◆ What the task requires
The answer must be the full listing, word for word, with no pictures in it.

◆ Data section
.....

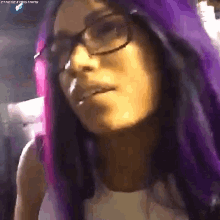 a woman with purple hair and glasses is making a face .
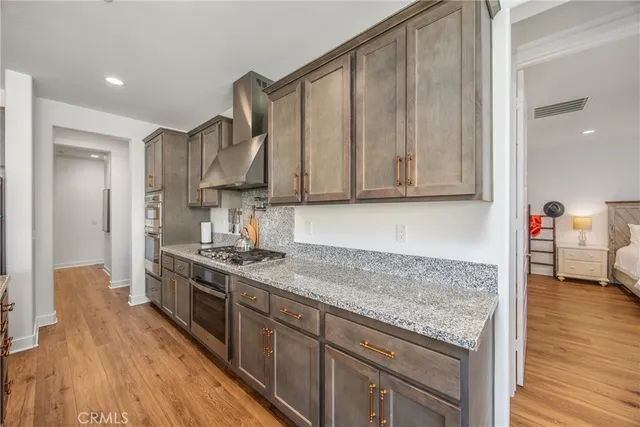 a kitchen with stainless steel appliances granite countertop a stove a sink and a refrigerator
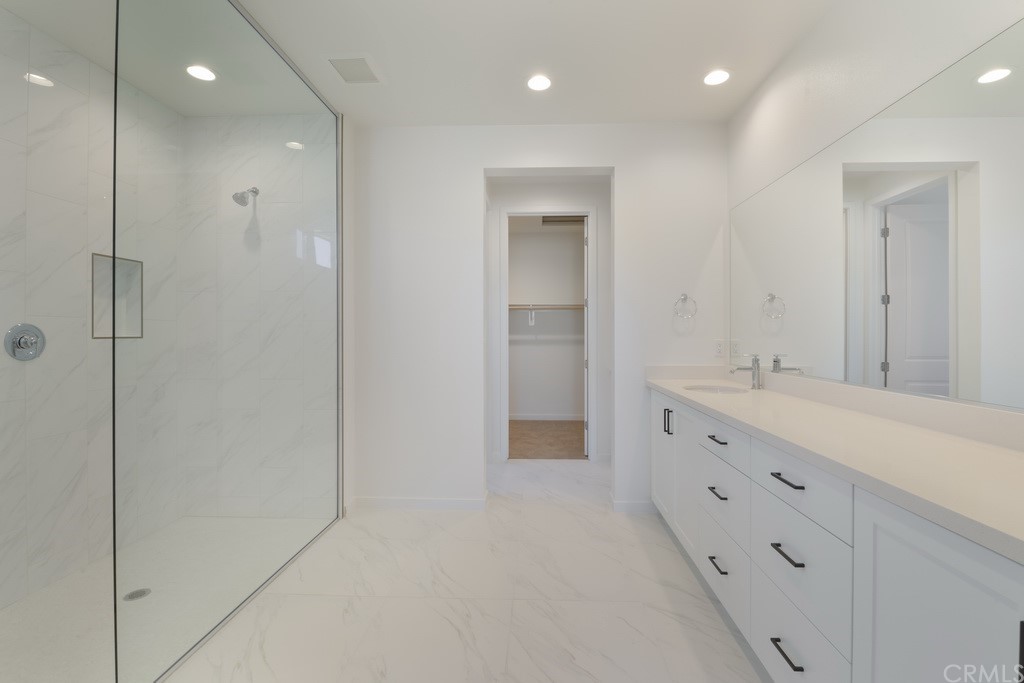32318 Sonder Way Temecula, CA 92591 - Photo 9 of 18 a bathroom with a double vanity sink a large mirror and a shower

.....

◆ Answer to the exercise
 a woman with purple hair and glasses is making a face .
 a kitchen with stainless steel appliances granite countertop a stove a sink and a refrigerator
32318 Sonder Way Temecula, CA 92591 - Photo 9 of 18 a bathroom with a double vanity sink a large mirror and a shower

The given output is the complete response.